SSDD on the bus, 3 parts to a genuine apology, ASB starts up, and happiness social media style…

~Tuesday~  I caught the 8:15 city bus, and although Stagnant Driver wasn’t the driver, it was stagnant on the bus anyway. I just don’t understand. What’s so hard about sensing that even just a fan blowing to circulate the air on the bus would make it more comfortable?

A guy who got on at Gorman and Conifer opened two windows and took seats about two behind those windows in order to catch the breeze after it made its way into the bus.

Library Man was on board, and I assumed he was reading that local paper from wherever he’s from, as the photos were in color again, but I could have sworn when he turned the page it said, “The News & Observer,” our local Raleigh paper. There was a section laying on the seat entitled, “Best of the Blogs.”


I meant to capture this from our salon meeting last night. Kim noted that there are three parts to a genuine apology, and it’s not a genuine apology unless it contains all three parts:

  1. Saying, verbalizing, writing, “I’m sorry.”
  2. Admitting your mistake; taking responsibility for your part in the problem, “I was wrong.”
  3. Making it right, “How can I make it up to you?”

I want to remember this.


I spent an hour with our intern this morning, getting her up to speed with our content management system, and taking her through an iteration of setting up a task force website, after which she did two more of them for me. Yay!

During lunch, I attended the first of the 2010-2011 Alternative Service Break Advisor Roundtables, at which we went around the room introducing ourselves saying where we worked in the university, what trip we were advisors for, and if we’d had any previous ASB experience:

“John Martin. I work in the Office of Information Technology in the Information & News Services department, and I’m advising on the Gulf Coast trip to New Orleans over Spring Break 2011. I had an awesome trip to that same area last year.”

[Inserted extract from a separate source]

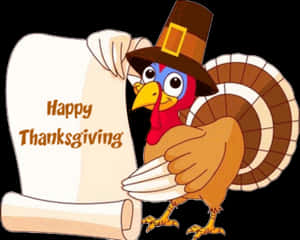 Thanksgiving Turkeywith Scroll PNG image with transparent background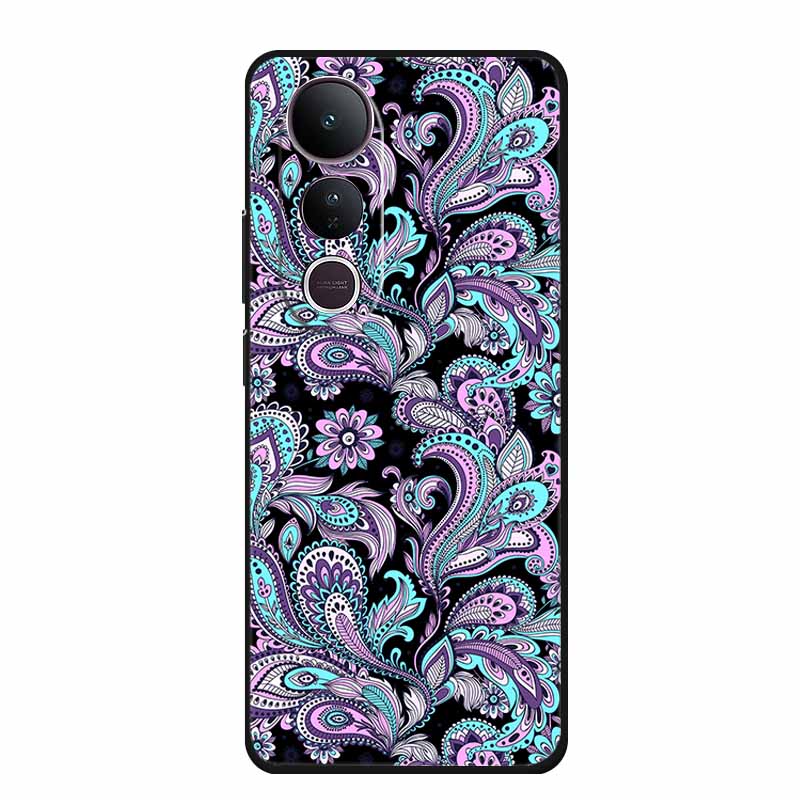 For Vivo V50 Lite Phone Case V 50 lite Coque Cute Cartoon Black Silicone Soft Back Cover For Vivo V50 Lite 5G 4G Case V50lite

I also met Joyce, the other advisor who will be traveling with us, and in the next day or two the student leader of our group will set up a meeting for the three of us to get to know each other and start the planning for the entire team.


I pointed the salon members to this podcast I listened to while last at the gym, as it’s some kind of freaky fusion between two of our agenda items—#5 (Sick of Social Media), and #6 (Measuring Happiness).

It’s a 17-minute audio broadcast about how social media is changing the way we take the pulse of the country, described as: “The Big Money’s Twitter blogger, Steve Spillman, joins, as does a researcher from Harvard who has analyzed years’ worth of tweets to see how happy we are,” and it includes notions such as:

  • “n” as 500 million (a la Facebook) vs. “n” as ~1000 (a Gallup poll)
  • “moods” of status updates (Twitter and Facebook)
  • Linguistic representations of “moods”
  • research approach with an admittedly butt-load of caveats at this point (i.e., it’s very preliminary and not-yet-ready-for-publication)

If You’re Happy, and You Tweet It, Raise Your Hand!


At home, I had the leftover portion of my Piedmont Burger from Porter’s last night, and at 9:00 I lay down for what I imagined would be about a two-hour nap, but what in fact turned out to be nine hours of sleep. Yay!